Data records:

--------------------------------

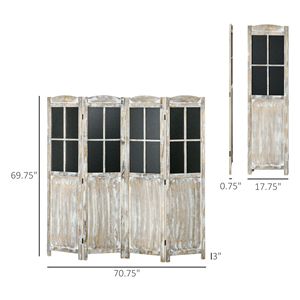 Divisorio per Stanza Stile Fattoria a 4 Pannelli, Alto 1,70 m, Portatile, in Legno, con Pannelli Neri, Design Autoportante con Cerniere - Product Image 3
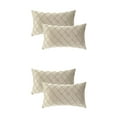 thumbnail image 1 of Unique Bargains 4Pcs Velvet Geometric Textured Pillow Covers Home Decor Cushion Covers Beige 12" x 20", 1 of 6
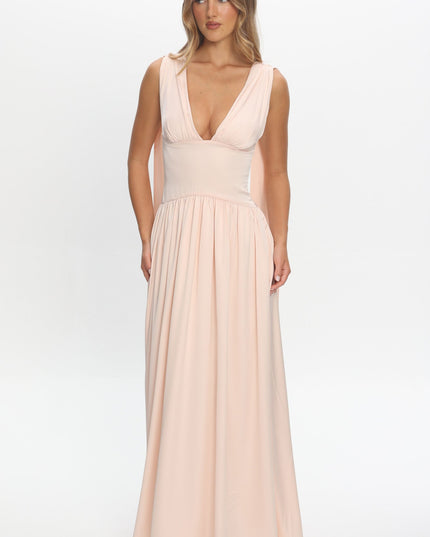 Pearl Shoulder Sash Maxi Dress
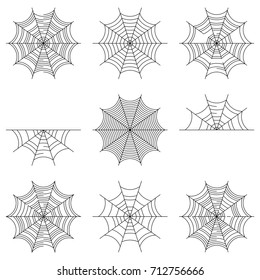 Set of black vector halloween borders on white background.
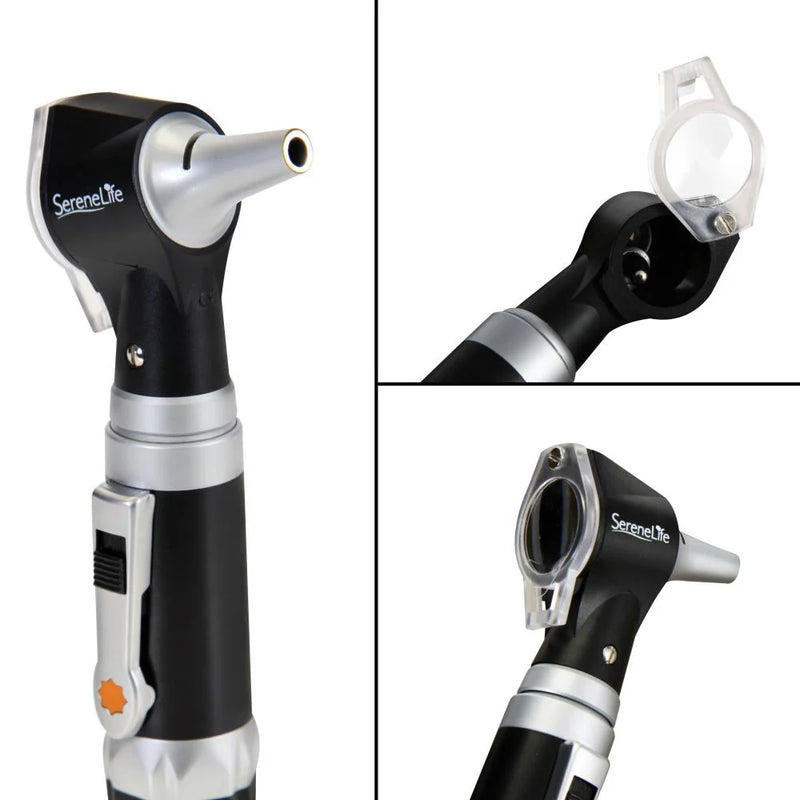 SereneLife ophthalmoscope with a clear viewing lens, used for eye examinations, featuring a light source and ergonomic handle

--------------------------------

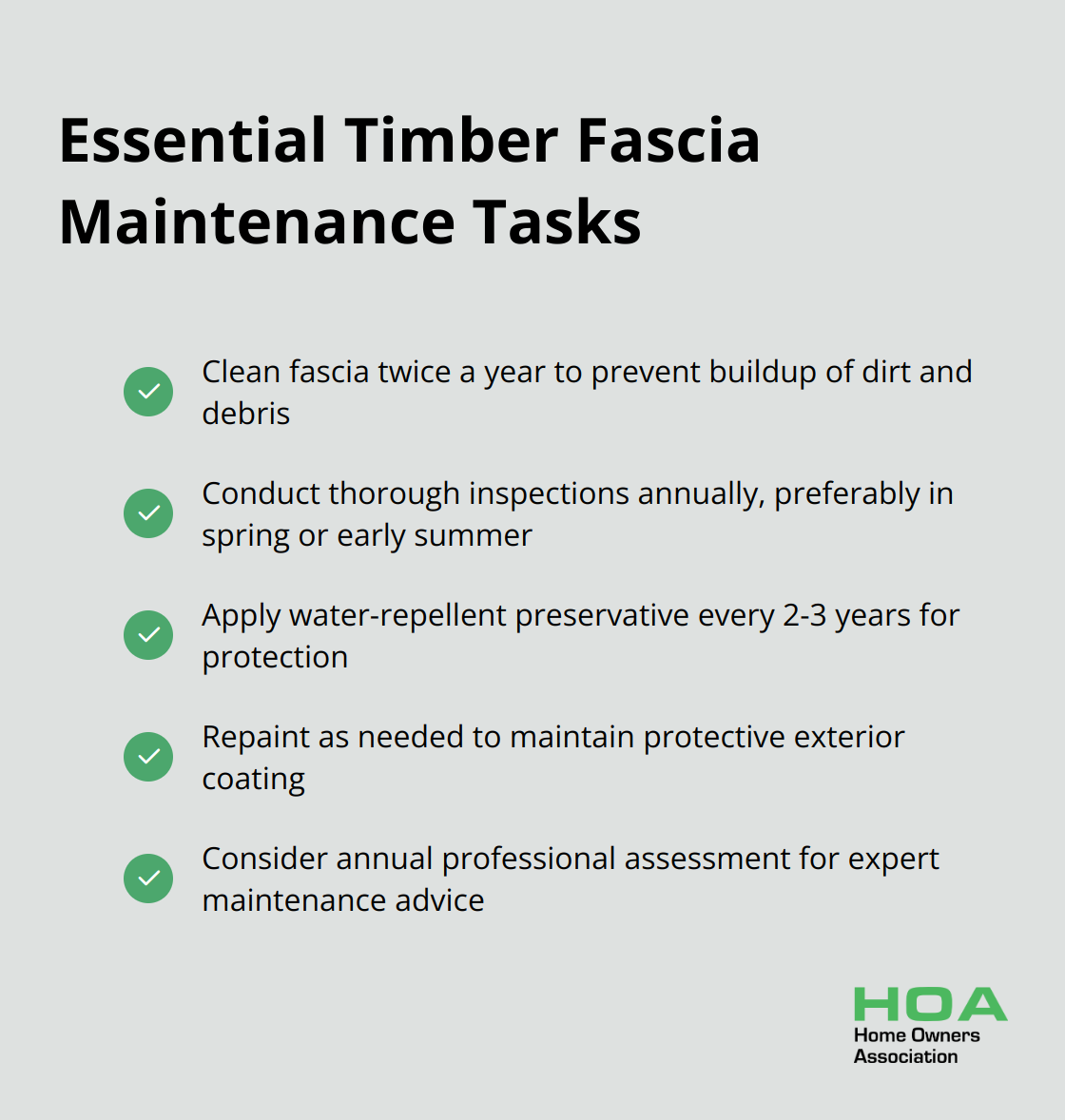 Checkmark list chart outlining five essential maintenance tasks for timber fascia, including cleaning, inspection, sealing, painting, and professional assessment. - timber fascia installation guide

--------------------------------

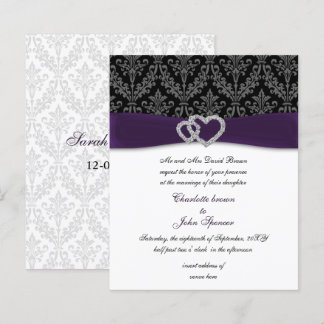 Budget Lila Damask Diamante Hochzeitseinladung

--------------------------------

Goal of the exercise: Your answer must be everything above from the line with "Set of black" down to the line with "SereneLife ophthalmoscope with", word for word, and no pictures.

Solution for this task:
 Set of black vector halloween borders on white background.
 SereneLife ophthalmoscope with a clear viewing lens, used for eye examinations, featuring a light source and ergonomic handle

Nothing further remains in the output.